START EXERCISE INPUTS

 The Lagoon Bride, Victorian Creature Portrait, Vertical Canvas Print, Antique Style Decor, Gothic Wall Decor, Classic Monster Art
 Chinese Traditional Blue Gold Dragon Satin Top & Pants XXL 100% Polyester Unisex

END EXERCISE INPUTS
START EXERCISE INPUTS

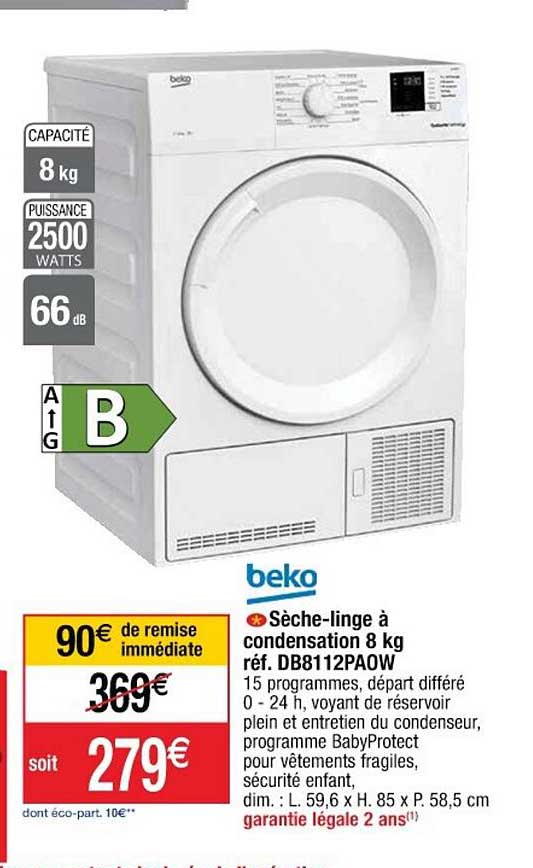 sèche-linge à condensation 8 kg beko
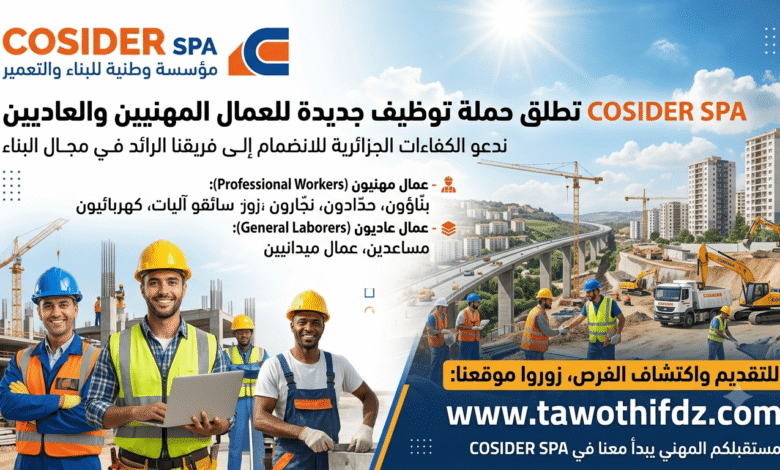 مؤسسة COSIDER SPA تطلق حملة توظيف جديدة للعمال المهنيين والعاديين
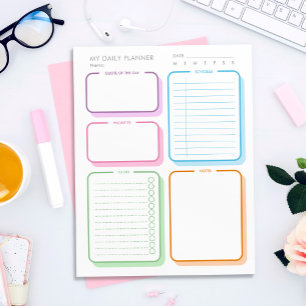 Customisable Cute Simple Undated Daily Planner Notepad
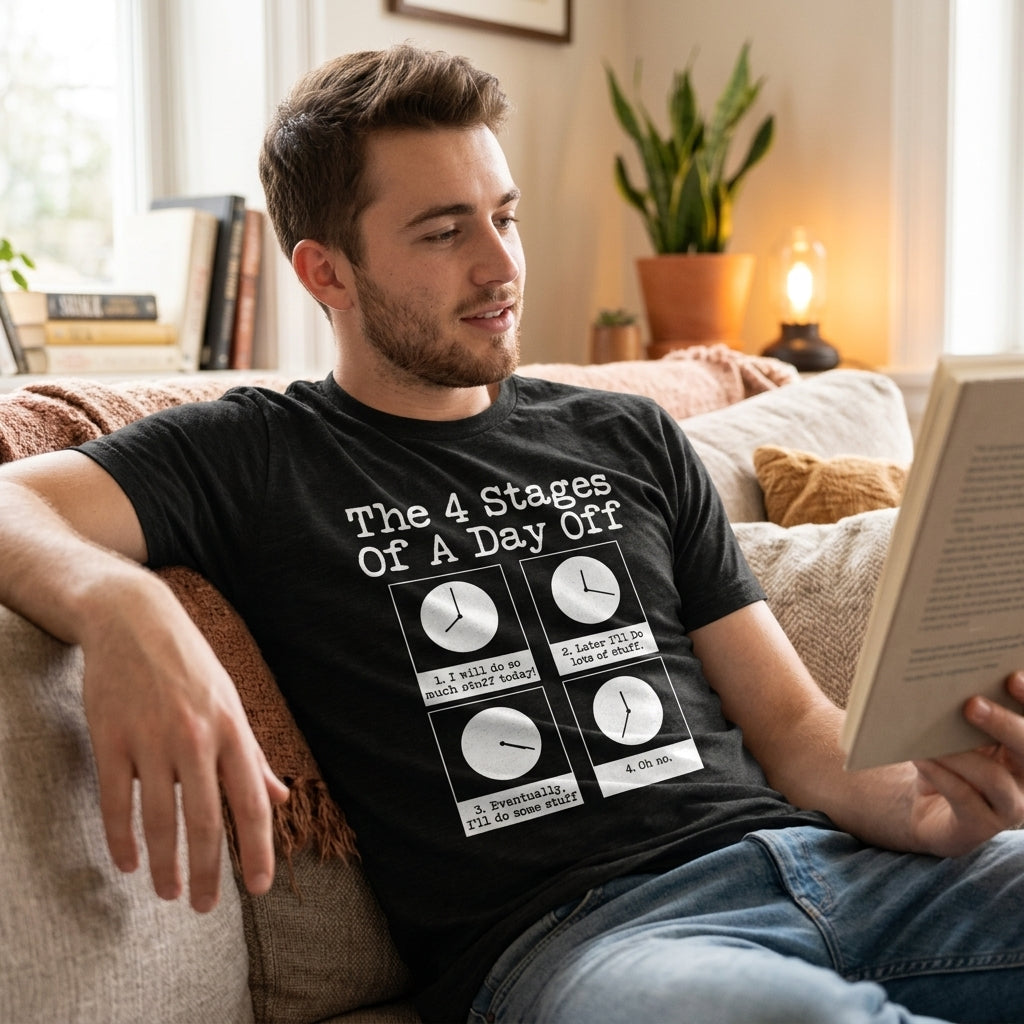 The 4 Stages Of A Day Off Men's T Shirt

END EXERCISE INPUTS

:: EXERCISE DIRECTIONS ::
Looking at the data above, write out exactly the lines that start at the one containing "The Lagoon Bride, Victorian" and end at the one containing "Chinese Traditional Blue"; include both and nothing beyond.

:: EXPECTED OUTPUT ::
 The Lagoon Bride, Victorian Creature Portrait, Vertical Canvas Print, Antique Style Decor, Gothic Wall Decor, Classic Monster Art
 Chinese Traditional Blue Gold Dragon Satin Top & Pants XXL 100% Polyester Unisex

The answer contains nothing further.